That's the question LeBron James asked of us in his new Nike commercial, and it's the question that's on everyone's minds as LeBron heads back to Cleveland to face the Cavaliers as a visitor for the first time in his NBA career.
Should I admit that I've made mistakes?
LeBron returns to Cleveland not as the triumphant conquerer, with a dominant Miami team, but with more baggage than when he left, as the Heat have scuffled to a 10-8 start. And while he's admitted that he could have handled his decision better, in terms of execution, he still stands by the decision to join Miami, saying as recently as last night, "There's always pros and cons with any decision that you make. But I'm happy here."
Should I remind you that I've done this before?
Should I give you a history lesson?
OK, here's a history lesson for you, LeBron. During your time in Cleveland, you became the franchise's all-time leading scorer. Now you'll be playing against the team for whom you've scored more points than anyone else. You know how many of your contemporaries can say that? Three. Pau Gasol, every time he returns to Memphis, Kevin Garnett when he goes back to Minnesota, and your teammate, Chris Bosh, when he goes back to Toronto. That's it. And those guys aren't despised by their old fan bases (well, Bosh kind of is, but not to the level you are).
What should I do?
Do you really want my honest opinion, LeBron? Well, here it is, and I say this as one of your biggest fans, someone who has supported you throughout your career (and when I say "career", I go back to your sophomore year of high school).
What should you do, LeBron? Man up.
Watching you this season, it's clear something's off, and it's not just a matter of an incompatibility between you and Dwyane Wade (thought I do think there's some reality to that issue). And while you're never really going to ask me for my opinion, I'm going to give it to you anyway.
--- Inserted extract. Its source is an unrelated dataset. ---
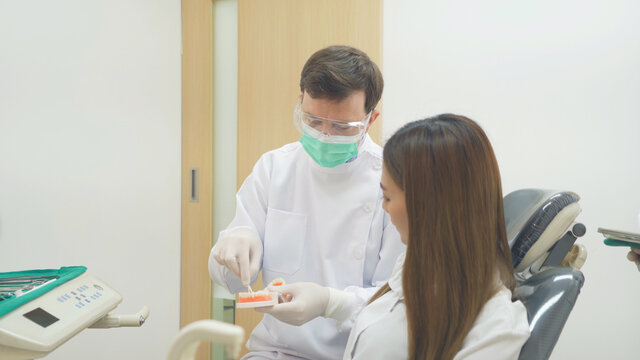 A caucasian dentist man, people showing how to use dental floss with typodont teeth model to Asian patient at hospital clinic. Cleaning. Doctor. Dentistry, medical and health.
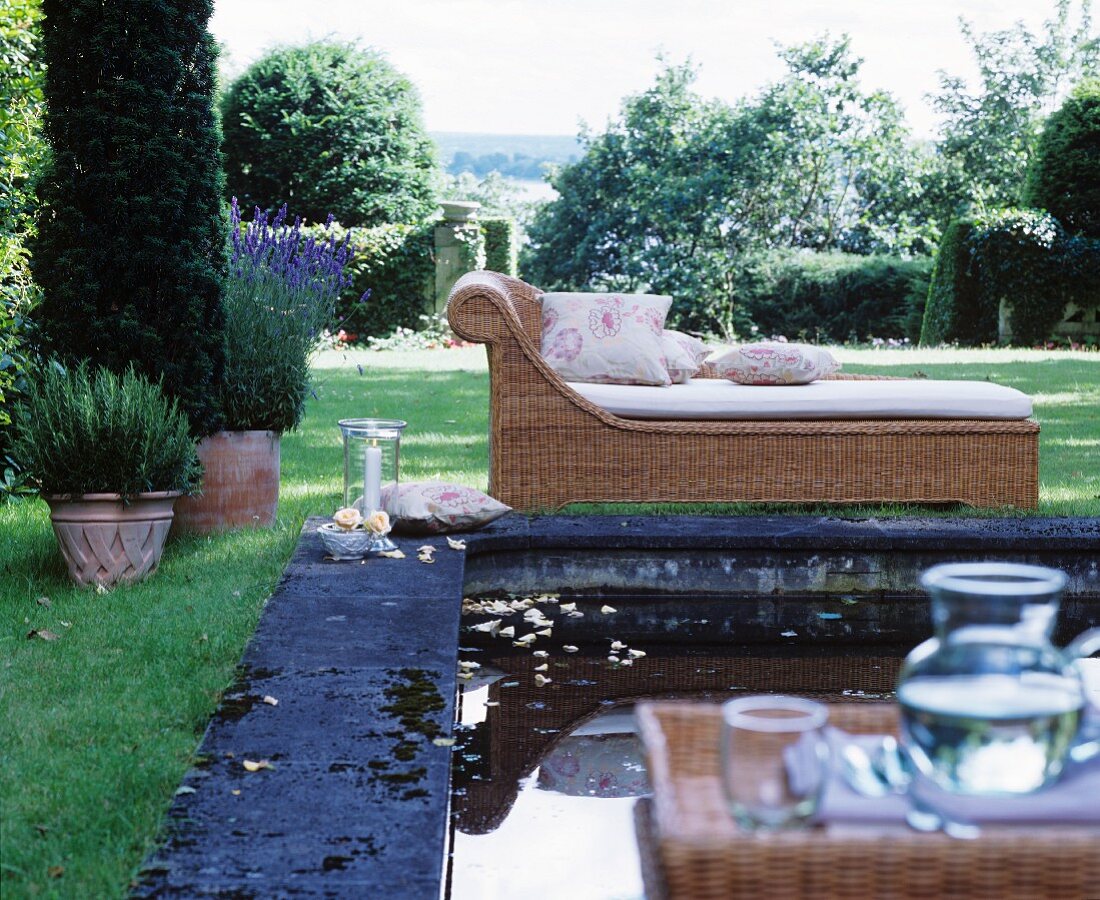 Wicker chaise longue next to pool in classic summer garden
I think, for the first time in your life, you're being seriously criticized on multiple fronts and you have no idea how to handle it.
With one meme'd-to-death phrase, you went from being cheered in almost every arena in the NBA to being universally booed. And, more importantly, you went from having your failures excused to have them scrutinized like never before. You've never had to really own up to anything.
When you briefly lost your amateur status in high school? Well, that was because the rules were stupid.
When you didn't make the playoffs as a rookie? That was because your team wasn't very good.
When you missed the playoffs again in '04-05, getting your coach fired in the process? The front office's fault.
When you lost to the Pistons in Game 7 in '06? You weren't "ready" yet.
When you got swept by the Spurs in '07? Teammates again.
When you lost to the Celtics in '08? They were just "better".
Magic in '09? Still your teammates.
To be fair to you, some of those excuses were accurate, but it seemed like no one ever said "maybe LeBron could have done a little more", which meant you never had to say "this one's on me". It wasn't until last year's Celtics series -- when you quit, though you still won't own up to that -- that the blame for your failures was put squarely on your shoulders. So what did you do? You left. And you haven't been the same since.
Back when your new Nike commercial came out, I thought the brilliance of it was that the last time you asked "what should I do", it was over a shot of you doing exactly what you should do, which is play basketball. But I've come to realize it's more complicated than that. You're not the same basketball player you used to be, because you're in such an unfamiliar situation. For the first time in your career, you're not universally beloved. And it's clear you're not handling it well. Your body language on the court is bad. You continue to grasp at straws -- "Wade missed the preseason", "Miller's hurt", "Rome wasn't built in a day", etc. -- and make excuses like you have your entire career. You choose to listen to those that support you, while dismissing those that don't as "haters". But it's not that simple.
Back to the commercial for a second:
Should I accept my role, as a villain?
No. No you shouldn't, because it's clear you have no idea how to do that. You've been cast as the villain, whether you accept it or not, and just playing basketball at a high level -- though one lower than we're used to seeing from you -- isn't going to change that. So, again, what should you do?
Miami wants us to "Fan Up", well, I want you to Man Up first. Come out tomorrow night and say you made a mistake. Not in leaving Cleveland -- you had every right to do that -- but in the way you did it (the whole charity thing is just another excuse. You could have just donated $3M to the Boys and Girls Club without having to go on TV for an hour and rip out the hearts of your fans in Cleveland). And admit you made a mistake in not doing everything you could to win a title while you were in Cleveland. And admit you made a mistake in letting everyone around you make excuses for you for 11 years. And then, lastly, declare that it stops tonight. Once you take responsibility, everything else will fall into place. And, no, it might not happen overnight. It might not even happen this season. But once you stop making excuses, and start admitting your failures, maybe then you can go about correcting them.